═══ Material provided ═══

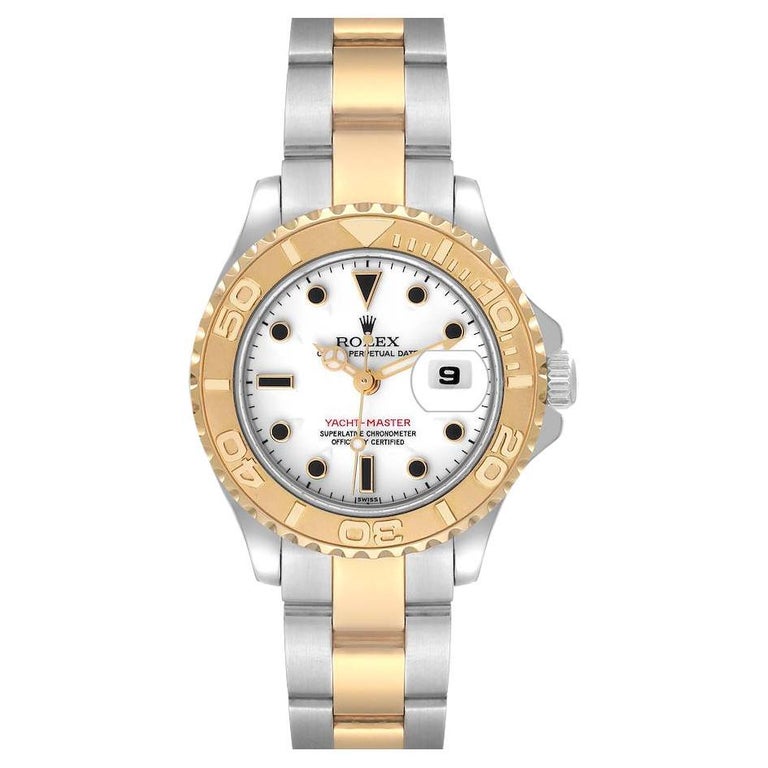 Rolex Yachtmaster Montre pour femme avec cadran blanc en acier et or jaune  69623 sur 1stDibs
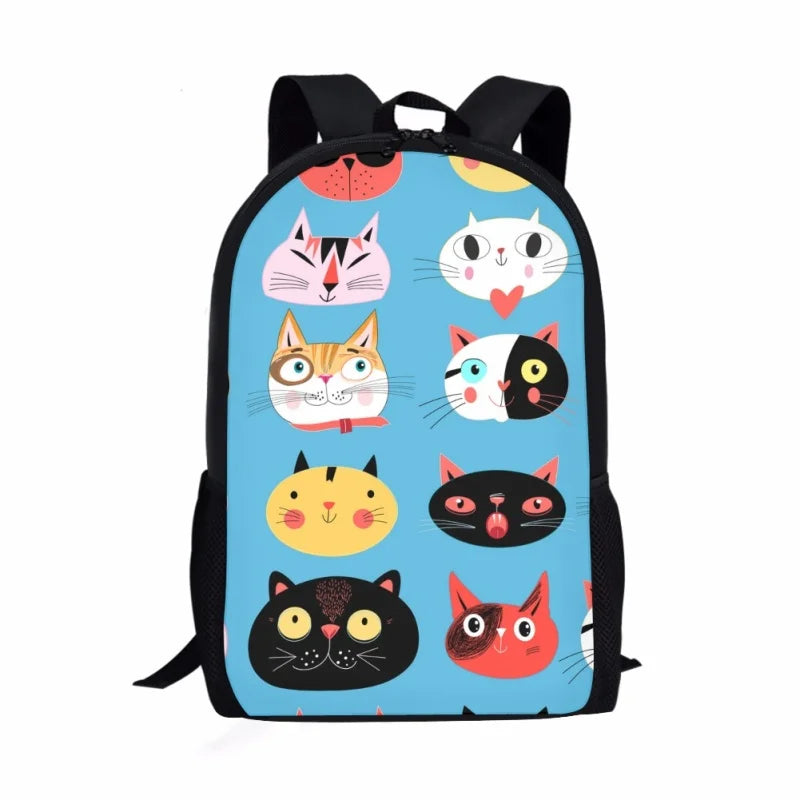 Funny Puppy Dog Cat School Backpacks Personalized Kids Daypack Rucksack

═══
═══ Material provided ═══

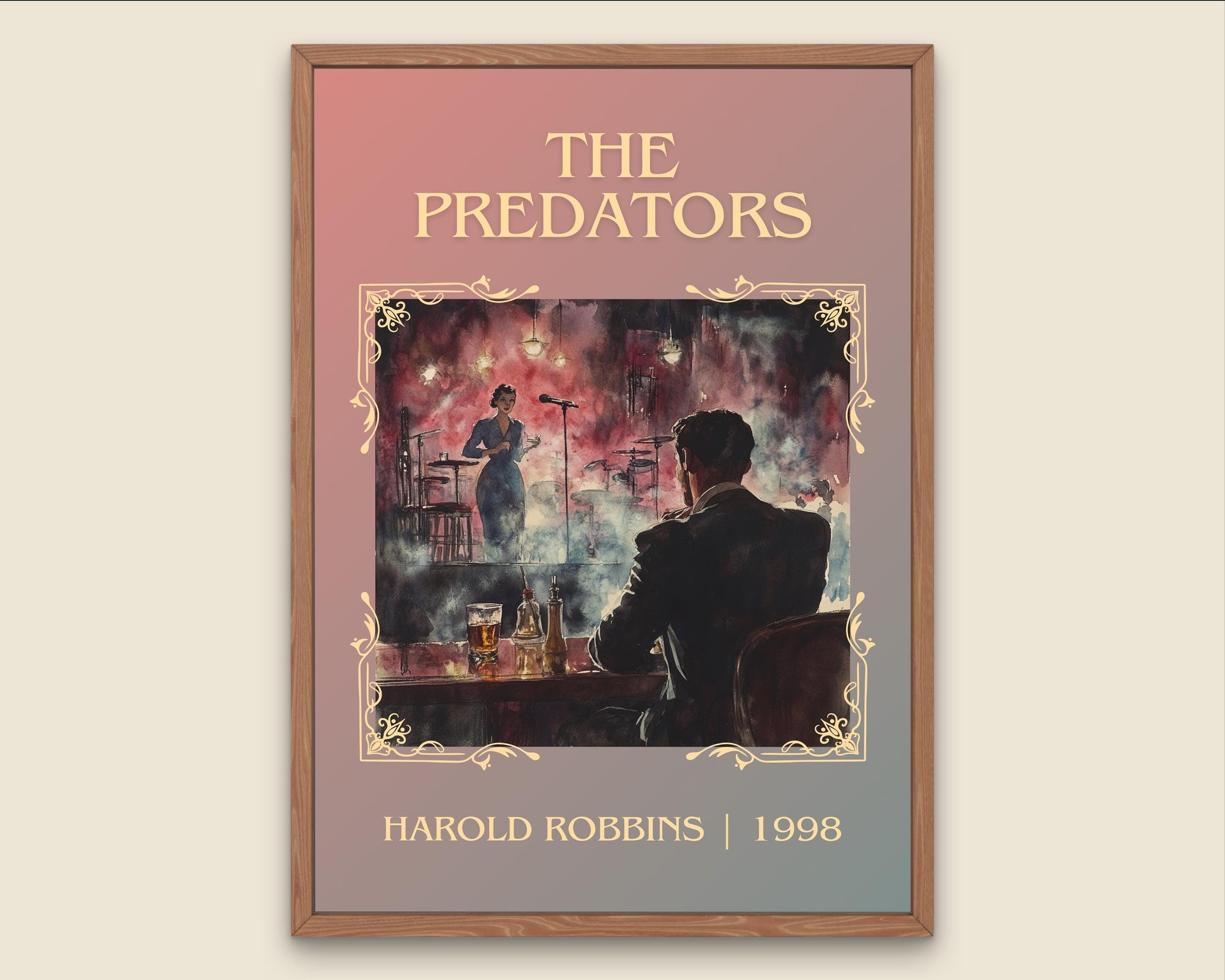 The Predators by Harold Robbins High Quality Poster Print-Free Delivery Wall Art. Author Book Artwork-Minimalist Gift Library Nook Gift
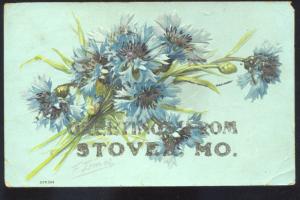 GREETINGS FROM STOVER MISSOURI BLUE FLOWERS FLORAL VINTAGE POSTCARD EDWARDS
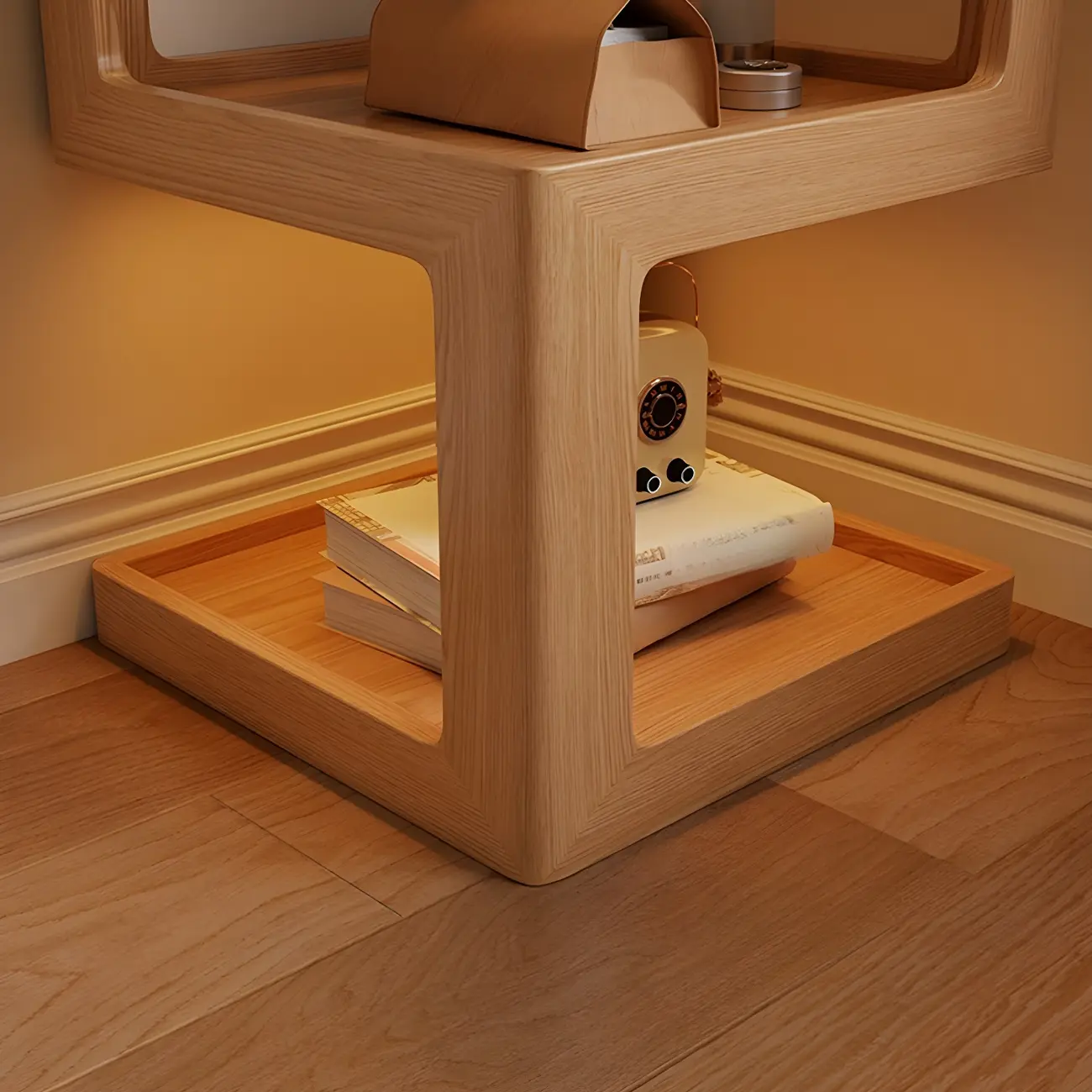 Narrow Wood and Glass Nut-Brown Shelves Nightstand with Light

═══

* [Required action]
Please copy the lines above exactly, starting at the line that holds "GREETINGS FROM STOVER" and ending at the line that holds "Narrow Wood and"; include both, but no pictures.

* [Exercise solution]
 GREETINGS FROM STOVER MISSOURI BLUE FLOWERS FLORAL VINTAGE POSTCARD EDWARDS
 Narrow Wood and Glass Nut-Brown Shelves Nightstand with Light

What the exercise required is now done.